That’s already the nvidia approach, upscaling runs on the tensor cores.
And no it’s not something magical it’s just matrix math. AI workloads are lots of convolutions on gigantic, low-precision, floating point matrices. Low-precision because neural networks are robust against random perturbation and more rounding is exactly that, random perturbations, there’s no point in spending electricity and heat on high precision if it doesn’t make the output any better.
The kicker? Those tensor cores are less complicated than ordinary GPU cores. For general-purpose hardware and that also includes consumer-grade GPUs it’s way more sensible to make sure the ALUs can deal with 8-bit floats and leave everything else the same. That stuff is going to be standard by the next generation of even potatoes: Every SoC with an included GPU has enough oomph to sensibly run reasonable inference loads.

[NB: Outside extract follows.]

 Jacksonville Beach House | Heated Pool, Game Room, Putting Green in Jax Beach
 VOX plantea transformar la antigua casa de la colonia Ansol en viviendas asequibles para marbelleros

And with “reasonable” I mean actually quite big, as far as I’m aware e.g. firefox’s inbuilt translation runs on the CPU, the models are small enough.
Nvidia OTOH is very much in the market for AI accelerators and figured it could corner the upscaling market and sell another new generation of cards by making their software rely on those cores even though it could run on the other cores. As AMD demonstrated, their stuff also runs on nvidia hardware.
What’s actually special sauce in that area are the RT cores, that is, accelerators for ray casting though BSP trees. That’s indeed specialised hardware but those things are nowhere near fast enough to compute enough rays for even remotely tolerable outputs which is where all that upscaling/denoising comes into play.